Sou de um tempo em que as pessoas não eram localizadas por dispositivos eletrônicos, não eram controladas pelos registros de presença nas redes, nem se sentiam pressionadas pela urgência de resposta a qualquer mensagem, independente da relevância do assunto.
Sou do tempo em que a presença era essencial e nos encontros cabia o abraço ou o aperto de mão que representavam respeito e afeto, não era sinônimo de contágio.
Sou do tempo que os diários eram confidentes de histórias carregadas de mistérios instigantes; seus registros não eram fotos do prato de comida do dia ou de passeios dispersos de presença pela intenção de produzir publicações. Aquelas páginas inventariavam os flertes, as frustrações, as emoções, as expectativas, os sonhos, proibições e segredos.
Sou do tempo que as histórias inspiravam pelo seu conteúdo, sem precisar de uma quantidade de seguidores como aval. Os amigos não eram números em aplicativos, mas pessoas que se dedicavam umas às outras, que sabiam a importância de cuidar das relações.
Sou do tempo do interesse manifestado nos olhares que se cruzavam espontaneamente, no sorriso de canto da boca, na pele que respondia a uma fala mais de perto e convidava a descobrir o outro sem seleção prévia no app de relacionamentos.
Sou do tempo… Será? Pertenço ao tempo? A algum tempo? A todos os tempos? Sou eu quem o tem ou ele a mim? Sou? Quem? Tenho? O que? Quem define, senão a mente? Tenho eu a ela ou ela me tem? O que ela tem? O Tempo? A mim? E o que faz conosco?
Presencio o tempo da mente, daquela que mente e afugenta o único tempo do ser: o agora.
Presencio o tempo da morte da fagulha de vida, o tempo que apaga o fogo que faz desejar, que faz amar e acreditar.
Vejo o tempo que mantém as labaredas da ansiedade e convida à não vida, à ausência. De si, dos encontros, do sentido de existir.
Psiu! Sobrevivente…. Psiu!
Cuidado com o tempo da mente!
Cuidado com o tempo da espera ansiosa, da desesperançosa também! Sai do tempo que julga, que que não acolhe o desejo, que aprisiona o coração, que paralisa a ação!

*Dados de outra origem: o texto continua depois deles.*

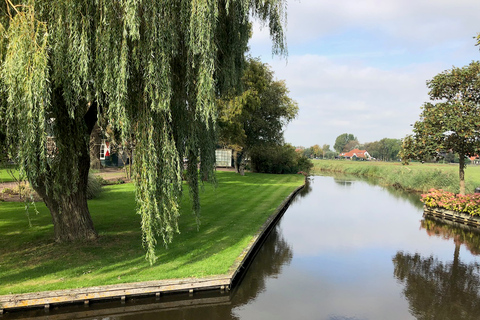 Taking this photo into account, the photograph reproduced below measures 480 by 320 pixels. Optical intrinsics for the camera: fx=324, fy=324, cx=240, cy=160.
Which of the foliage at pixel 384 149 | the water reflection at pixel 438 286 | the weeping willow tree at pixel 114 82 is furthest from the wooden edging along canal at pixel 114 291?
the foliage at pixel 384 149

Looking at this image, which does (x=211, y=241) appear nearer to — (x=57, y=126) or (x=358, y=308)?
(x=358, y=308)

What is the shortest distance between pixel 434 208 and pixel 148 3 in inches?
745

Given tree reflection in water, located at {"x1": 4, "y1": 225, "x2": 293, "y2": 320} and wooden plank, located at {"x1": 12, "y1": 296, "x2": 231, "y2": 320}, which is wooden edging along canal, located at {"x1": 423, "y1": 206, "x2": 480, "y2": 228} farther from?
wooden plank, located at {"x1": 12, "y1": 296, "x2": 231, "y2": 320}

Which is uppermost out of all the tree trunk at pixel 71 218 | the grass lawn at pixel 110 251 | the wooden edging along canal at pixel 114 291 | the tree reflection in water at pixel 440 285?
the tree trunk at pixel 71 218

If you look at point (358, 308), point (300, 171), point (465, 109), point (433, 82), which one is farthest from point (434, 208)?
point (300, 171)

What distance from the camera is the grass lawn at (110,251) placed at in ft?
24.2

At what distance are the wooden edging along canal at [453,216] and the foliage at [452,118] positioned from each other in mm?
1697

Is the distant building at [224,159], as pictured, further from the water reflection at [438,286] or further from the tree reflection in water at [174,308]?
the tree reflection in water at [174,308]

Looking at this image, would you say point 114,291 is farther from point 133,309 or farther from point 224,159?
point 224,159

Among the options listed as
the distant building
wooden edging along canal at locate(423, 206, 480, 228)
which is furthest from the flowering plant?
the distant building

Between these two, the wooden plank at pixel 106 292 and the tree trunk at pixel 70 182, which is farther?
the tree trunk at pixel 70 182

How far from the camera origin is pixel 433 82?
17891 millimetres

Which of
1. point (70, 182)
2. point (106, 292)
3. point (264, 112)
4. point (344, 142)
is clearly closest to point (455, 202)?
point (106, 292)

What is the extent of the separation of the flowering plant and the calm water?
136cm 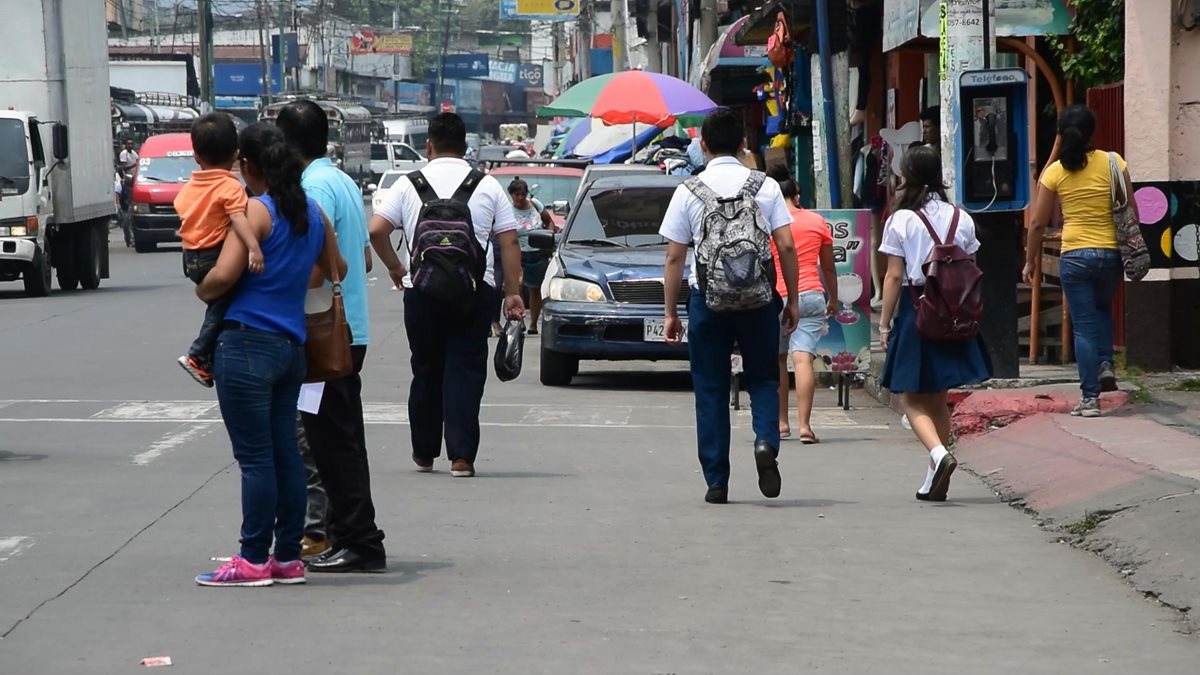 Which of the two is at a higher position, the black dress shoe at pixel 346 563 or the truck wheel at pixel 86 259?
the truck wheel at pixel 86 259

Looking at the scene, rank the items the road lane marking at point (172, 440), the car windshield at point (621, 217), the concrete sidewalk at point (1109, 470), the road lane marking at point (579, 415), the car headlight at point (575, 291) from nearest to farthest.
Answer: the concrete sidewalk at point (1109, 470), the road lane marking at point (172, 440), the road lane marking at point (579, 415), the car headlight at point (575, 291), the car windshield at point (621, 217)

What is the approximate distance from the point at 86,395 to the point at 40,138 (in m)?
12.2

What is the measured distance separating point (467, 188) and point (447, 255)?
0.39 meters

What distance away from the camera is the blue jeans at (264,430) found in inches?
254

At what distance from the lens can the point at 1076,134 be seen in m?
10.6

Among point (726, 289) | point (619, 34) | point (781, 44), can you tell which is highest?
point (619, 34)

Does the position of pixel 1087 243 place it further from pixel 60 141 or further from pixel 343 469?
pixel 60 141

Psiu! Sobreviventeeee! Se liberte!
Acerte menos e viva mais! Brinque com sua criança, balance sem saber o passo, deixe um olhar te capturar, aceite as surpresas da vida como ponte para chegar onde precisa, ainda que você não saiba o destino. Confia! Em você, no teu fluxo, na tua construção. Abrace suas imperfeições e torne leve suas impotências, elas sempre existirão e podem ser suas mestras do caminho.
O tempo é a própria existência ensinando a arte da desconstrução e reconstrução. Existir é ser construtor do seu templo-tempo, não te distraias de ti!